Re: [PATCH] mmc:mmc-hsq:use fifo to dispatch mmc_request

Wenchao Chen <wenchao.chen666@xxxxxxxxx> · Thu, 24 Nov 2022 10:56:36 +0800

On Mon, Nov 21, 2022 at 2:19 PM Michael Wu <michael@xxxxxxxxxxxxxxxxx> wrote:
>
> On 11/18/2022 7:43 PM, Wenchao Chen wrote:
> > On Fri, Nov 18, 2022 at 1:52 PM Michael Wu <michael@xxxxxxxxxxxxxxxxx> wrote:
> >>
> >> Current next_tag selection will cause a large delay in some requests and
> >> destroy the scheduling results of the block scheduling layer. Because the
> >> issued mrq tags cannot ensure that each time is sequential, especially when
> >> the IO load is heavy. In the fio performance test, we found that 4k random
> >> read data was sent to mmc_hsq to start calling request_atomic It takes
> >> nearly 200ms to process the request, while mmc_hsq has processed thousands
> >> of other requests. So we use fifo here to ensure the first in, first out
> >> feature of the request and avoid adding additional delay to the request.
> >>
> >
> > Hi Michael
> > Is the test device an eMMC?
> > Could you share the fio test command if you want?

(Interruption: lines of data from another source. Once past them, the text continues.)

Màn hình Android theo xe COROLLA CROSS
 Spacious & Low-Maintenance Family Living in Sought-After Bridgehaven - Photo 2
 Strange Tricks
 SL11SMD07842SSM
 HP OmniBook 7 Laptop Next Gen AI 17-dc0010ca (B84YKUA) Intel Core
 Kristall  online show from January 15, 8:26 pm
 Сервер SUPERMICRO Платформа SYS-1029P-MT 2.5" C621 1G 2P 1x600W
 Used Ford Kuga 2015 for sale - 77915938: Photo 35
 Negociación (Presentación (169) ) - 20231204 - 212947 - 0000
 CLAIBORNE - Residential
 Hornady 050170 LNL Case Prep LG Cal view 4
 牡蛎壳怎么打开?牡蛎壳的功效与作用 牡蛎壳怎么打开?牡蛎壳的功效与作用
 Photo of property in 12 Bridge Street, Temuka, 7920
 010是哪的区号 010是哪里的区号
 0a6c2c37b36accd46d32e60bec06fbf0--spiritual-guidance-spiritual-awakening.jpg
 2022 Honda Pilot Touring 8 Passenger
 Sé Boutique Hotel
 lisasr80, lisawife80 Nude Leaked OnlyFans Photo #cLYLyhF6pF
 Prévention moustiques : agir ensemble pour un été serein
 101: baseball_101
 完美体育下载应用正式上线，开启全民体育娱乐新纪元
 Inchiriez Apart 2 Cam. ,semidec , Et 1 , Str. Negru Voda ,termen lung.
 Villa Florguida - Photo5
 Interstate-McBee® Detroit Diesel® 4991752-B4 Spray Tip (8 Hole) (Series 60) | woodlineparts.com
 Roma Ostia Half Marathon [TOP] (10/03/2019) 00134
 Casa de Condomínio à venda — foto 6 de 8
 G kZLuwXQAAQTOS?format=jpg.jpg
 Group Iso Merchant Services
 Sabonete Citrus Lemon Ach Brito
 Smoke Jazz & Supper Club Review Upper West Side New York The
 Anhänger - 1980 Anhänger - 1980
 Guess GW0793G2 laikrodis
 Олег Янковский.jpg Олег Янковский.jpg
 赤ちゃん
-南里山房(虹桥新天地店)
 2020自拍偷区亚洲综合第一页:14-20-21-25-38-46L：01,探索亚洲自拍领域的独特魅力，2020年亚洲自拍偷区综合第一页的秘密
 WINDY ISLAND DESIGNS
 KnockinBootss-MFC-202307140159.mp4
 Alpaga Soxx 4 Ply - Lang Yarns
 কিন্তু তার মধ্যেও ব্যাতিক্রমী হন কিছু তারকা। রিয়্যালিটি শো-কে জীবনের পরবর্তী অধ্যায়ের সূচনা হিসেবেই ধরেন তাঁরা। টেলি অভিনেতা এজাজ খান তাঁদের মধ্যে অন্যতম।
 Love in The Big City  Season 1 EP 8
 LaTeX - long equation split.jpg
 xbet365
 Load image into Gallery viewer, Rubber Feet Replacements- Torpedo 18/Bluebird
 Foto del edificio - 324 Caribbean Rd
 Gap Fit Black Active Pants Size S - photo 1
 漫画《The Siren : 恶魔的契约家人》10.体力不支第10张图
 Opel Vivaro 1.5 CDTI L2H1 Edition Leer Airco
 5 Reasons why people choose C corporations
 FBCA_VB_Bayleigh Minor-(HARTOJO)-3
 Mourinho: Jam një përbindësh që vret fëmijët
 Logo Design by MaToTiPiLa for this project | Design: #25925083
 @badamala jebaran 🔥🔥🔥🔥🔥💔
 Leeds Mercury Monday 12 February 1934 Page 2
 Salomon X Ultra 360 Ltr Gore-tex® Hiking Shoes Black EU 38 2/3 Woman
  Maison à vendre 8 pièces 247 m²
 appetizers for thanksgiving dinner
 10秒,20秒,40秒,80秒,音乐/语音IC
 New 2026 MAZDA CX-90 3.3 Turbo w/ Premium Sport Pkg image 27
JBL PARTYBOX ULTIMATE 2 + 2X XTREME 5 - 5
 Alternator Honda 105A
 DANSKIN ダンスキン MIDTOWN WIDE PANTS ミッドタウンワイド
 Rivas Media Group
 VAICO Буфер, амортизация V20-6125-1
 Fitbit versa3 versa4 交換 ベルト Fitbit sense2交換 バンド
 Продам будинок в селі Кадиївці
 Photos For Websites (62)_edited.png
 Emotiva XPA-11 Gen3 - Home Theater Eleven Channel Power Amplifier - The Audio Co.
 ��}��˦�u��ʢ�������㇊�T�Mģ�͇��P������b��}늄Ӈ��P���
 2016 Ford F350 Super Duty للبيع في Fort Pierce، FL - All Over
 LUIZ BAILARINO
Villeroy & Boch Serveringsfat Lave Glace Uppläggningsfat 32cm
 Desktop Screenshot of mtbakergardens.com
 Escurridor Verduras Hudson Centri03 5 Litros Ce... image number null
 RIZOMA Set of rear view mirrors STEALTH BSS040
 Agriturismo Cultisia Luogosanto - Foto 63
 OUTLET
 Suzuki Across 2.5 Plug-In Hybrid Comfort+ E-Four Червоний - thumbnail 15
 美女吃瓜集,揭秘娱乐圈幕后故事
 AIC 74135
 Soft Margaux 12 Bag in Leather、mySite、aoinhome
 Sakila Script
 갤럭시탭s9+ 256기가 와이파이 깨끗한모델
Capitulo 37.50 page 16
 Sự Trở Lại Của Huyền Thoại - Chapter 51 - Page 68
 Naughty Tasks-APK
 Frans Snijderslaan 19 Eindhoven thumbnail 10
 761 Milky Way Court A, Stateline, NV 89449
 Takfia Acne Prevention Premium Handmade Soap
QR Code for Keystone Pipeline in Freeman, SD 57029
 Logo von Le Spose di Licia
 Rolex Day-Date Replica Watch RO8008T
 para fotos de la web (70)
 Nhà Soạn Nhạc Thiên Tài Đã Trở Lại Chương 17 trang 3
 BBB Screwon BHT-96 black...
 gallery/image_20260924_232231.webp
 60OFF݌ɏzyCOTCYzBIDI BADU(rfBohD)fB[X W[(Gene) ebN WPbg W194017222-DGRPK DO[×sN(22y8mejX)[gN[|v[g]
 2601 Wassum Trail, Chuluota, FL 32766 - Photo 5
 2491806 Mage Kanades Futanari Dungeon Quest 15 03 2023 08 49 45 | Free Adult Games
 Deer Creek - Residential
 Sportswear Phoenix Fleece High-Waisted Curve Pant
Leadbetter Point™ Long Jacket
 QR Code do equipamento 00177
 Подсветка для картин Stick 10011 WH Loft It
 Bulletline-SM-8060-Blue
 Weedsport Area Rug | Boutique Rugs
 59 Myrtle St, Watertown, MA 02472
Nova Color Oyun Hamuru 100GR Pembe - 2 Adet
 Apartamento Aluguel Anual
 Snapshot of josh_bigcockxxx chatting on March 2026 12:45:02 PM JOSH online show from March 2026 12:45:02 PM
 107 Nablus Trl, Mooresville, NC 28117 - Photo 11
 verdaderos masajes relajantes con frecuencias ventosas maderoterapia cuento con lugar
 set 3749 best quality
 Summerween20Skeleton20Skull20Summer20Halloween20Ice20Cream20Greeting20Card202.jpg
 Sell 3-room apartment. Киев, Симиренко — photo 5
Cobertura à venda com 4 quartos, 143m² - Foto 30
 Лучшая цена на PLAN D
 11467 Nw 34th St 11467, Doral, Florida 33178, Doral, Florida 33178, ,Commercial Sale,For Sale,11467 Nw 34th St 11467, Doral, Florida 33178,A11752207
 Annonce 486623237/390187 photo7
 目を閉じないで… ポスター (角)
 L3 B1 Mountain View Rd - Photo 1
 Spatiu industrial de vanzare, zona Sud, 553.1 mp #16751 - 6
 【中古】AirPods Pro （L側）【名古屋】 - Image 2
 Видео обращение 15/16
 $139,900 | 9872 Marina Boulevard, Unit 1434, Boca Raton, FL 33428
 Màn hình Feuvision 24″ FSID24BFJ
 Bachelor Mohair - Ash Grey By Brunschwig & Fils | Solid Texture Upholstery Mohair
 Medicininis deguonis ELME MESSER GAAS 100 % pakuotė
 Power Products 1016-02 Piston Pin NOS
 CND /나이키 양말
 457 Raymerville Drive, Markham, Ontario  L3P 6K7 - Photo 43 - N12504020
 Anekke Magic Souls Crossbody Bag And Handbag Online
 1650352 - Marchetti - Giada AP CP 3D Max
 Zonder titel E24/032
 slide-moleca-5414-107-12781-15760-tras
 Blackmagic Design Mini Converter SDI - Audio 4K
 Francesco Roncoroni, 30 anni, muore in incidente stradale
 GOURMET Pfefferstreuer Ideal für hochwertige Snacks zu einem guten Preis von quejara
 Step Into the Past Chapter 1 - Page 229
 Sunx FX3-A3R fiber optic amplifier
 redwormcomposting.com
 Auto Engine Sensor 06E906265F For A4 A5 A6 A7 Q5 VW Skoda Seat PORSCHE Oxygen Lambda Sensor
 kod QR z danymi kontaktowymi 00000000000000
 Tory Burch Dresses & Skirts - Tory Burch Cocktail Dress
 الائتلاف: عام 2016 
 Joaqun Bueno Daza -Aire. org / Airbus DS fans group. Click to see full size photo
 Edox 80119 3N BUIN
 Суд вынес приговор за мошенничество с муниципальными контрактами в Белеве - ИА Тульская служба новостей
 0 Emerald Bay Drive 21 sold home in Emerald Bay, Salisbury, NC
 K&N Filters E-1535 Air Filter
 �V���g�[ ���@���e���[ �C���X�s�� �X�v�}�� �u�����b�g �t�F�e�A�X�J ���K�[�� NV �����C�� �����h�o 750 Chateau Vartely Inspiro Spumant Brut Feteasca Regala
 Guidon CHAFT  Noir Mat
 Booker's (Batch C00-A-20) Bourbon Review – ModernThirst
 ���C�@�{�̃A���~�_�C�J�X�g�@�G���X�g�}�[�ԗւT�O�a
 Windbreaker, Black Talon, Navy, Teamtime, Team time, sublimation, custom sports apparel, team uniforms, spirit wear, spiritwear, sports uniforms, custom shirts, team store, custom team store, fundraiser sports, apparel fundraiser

> > Can you provide more logs?
> >
> Hi Wenchao,
> Yes, the tested device is emmc.
> The test command we used is `./fio -name=Rand_Read_IOPS_Test
> -group_reporting -rw=random -bs=4K -numjobs=8 -directory=/data/data
> -size=1G -io_size=64M -nrfiles=1 -direct=1 -thread && rm
> /data/Rand_Read_IOPS_Test *`,  which replaces the io performance random
> read performance test of androidbench, and the file size is set to 1G, 8
> thread test configuration. Where /data uses f2fs and /data/data is a
> file encrypted path.
>
> After enabling the hsq configuration, we can clearly see from below fio
> test log that the minimum value of random reading is 3175 iops and the
> maximum value is 8554iops, and the maximum delay of io completion is
> about 200ms.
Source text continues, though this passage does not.